The Momsen family traveled widely on Navy duty. They were stationed at Pearl Harbor during the Japanese attack on December 7, 1941.

On March 26, 1943, Evelyn Momsen married Robert Hailey, a Navy officer. They had three children, Robert H., Anne and Christopher. Robert Hailey rose to the rank of captain.

==Political career==
In 1973, Evelyn Hailey ran for the House of Delegates in Norfolk's seven-member 39th district, along with six incumbent Democrats. She presented the image of "everyone's fifth-grade teacher," in the words of the Norfolk Ledger-Star, giving chicken recipes to voters. She finished seventh in the overall voting, behind her fellow Democrats, but defeated the lone Republican incumbent, Albert Teich, 9.55%-8.37%. She was the first female delegate from Norfolk since Sarah Lee Fain, one of the first two female legislators in Virginia, left the House in 1929.

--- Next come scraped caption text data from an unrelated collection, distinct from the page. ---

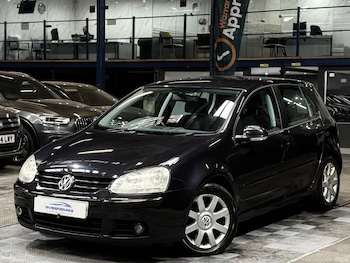 Volkswagen - Golf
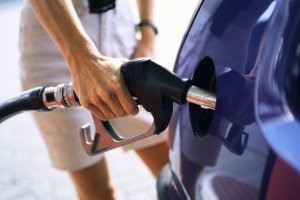 Експерти: Ціни на бензин продовживатимуть зростати
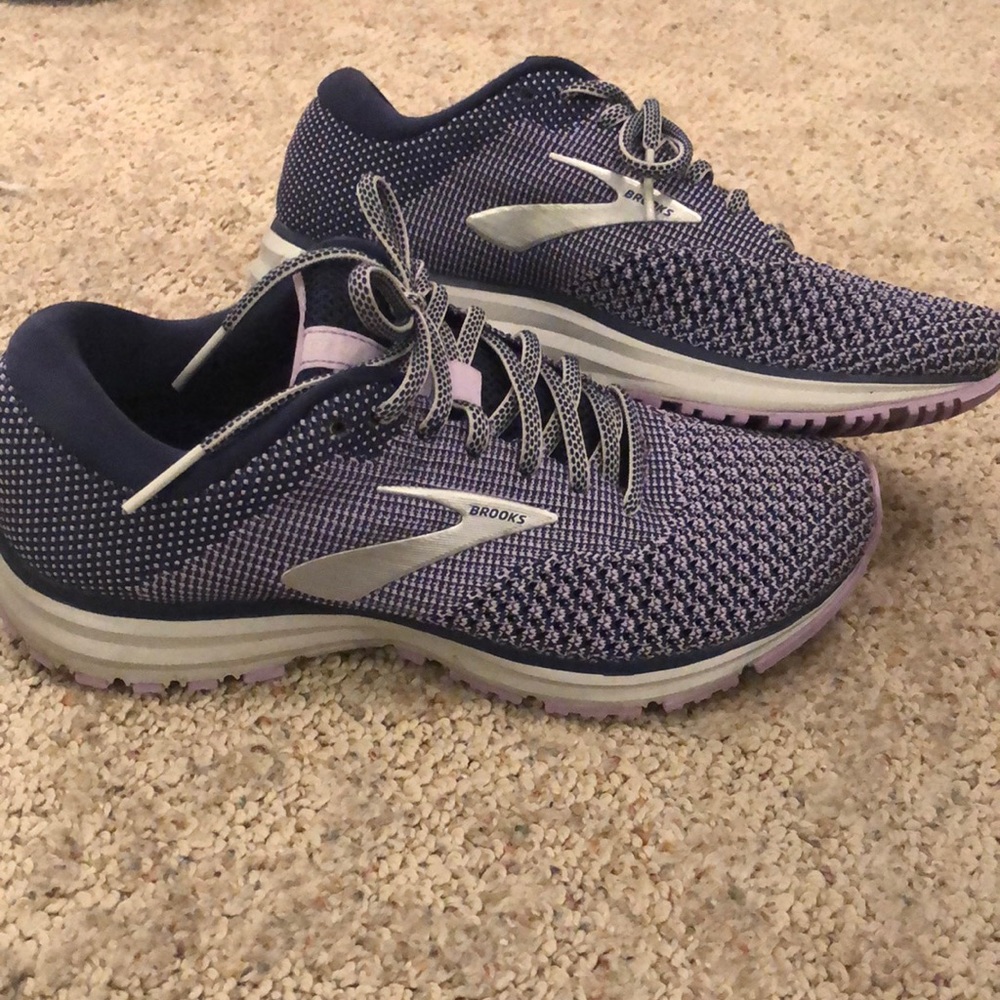 Brooks revel 2 sneakers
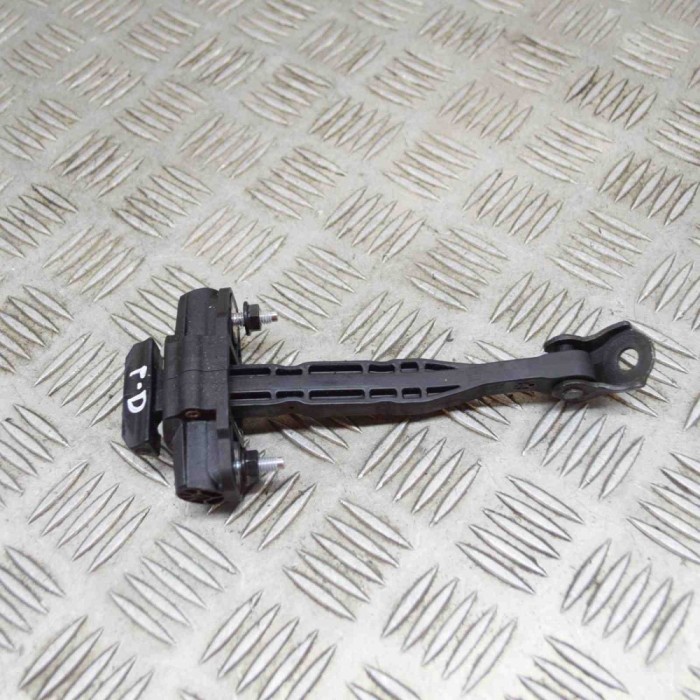 Limitator ușă dreapta față TESLA MODEL Y 2021 OEM: 1500682-00-B 14829143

Hailey and the six other Democrats were unopposed in 1975, and all won reelection in 1977. Another woman, Edythe Harrison, joined Hailey on the slate during another Democratic sweep, this time against a full slate of Republicans, in 1979.

In the first 1981 redistricting, which was later overturned in court, the Norfolk House district, renumbered the 37th, was reduced from seven members to five. Hailey was not renominated. In the elections that November, Democratic state Senator Joseph T. Fitzpatrick was elected Norfolk city treasurer, creating a vacancy in the three-member 5th district. Hailey replaced him in a special election on January 13, 1982, defeating Republican Wayne Lustig, 54.3%-46.7%. Hailey served out the balance of Fitzpatrick's term, then retired.

==Later life==
Hailey and her husband moved to Williamsburg, Virginia, c.1992. She died March 29, 2011.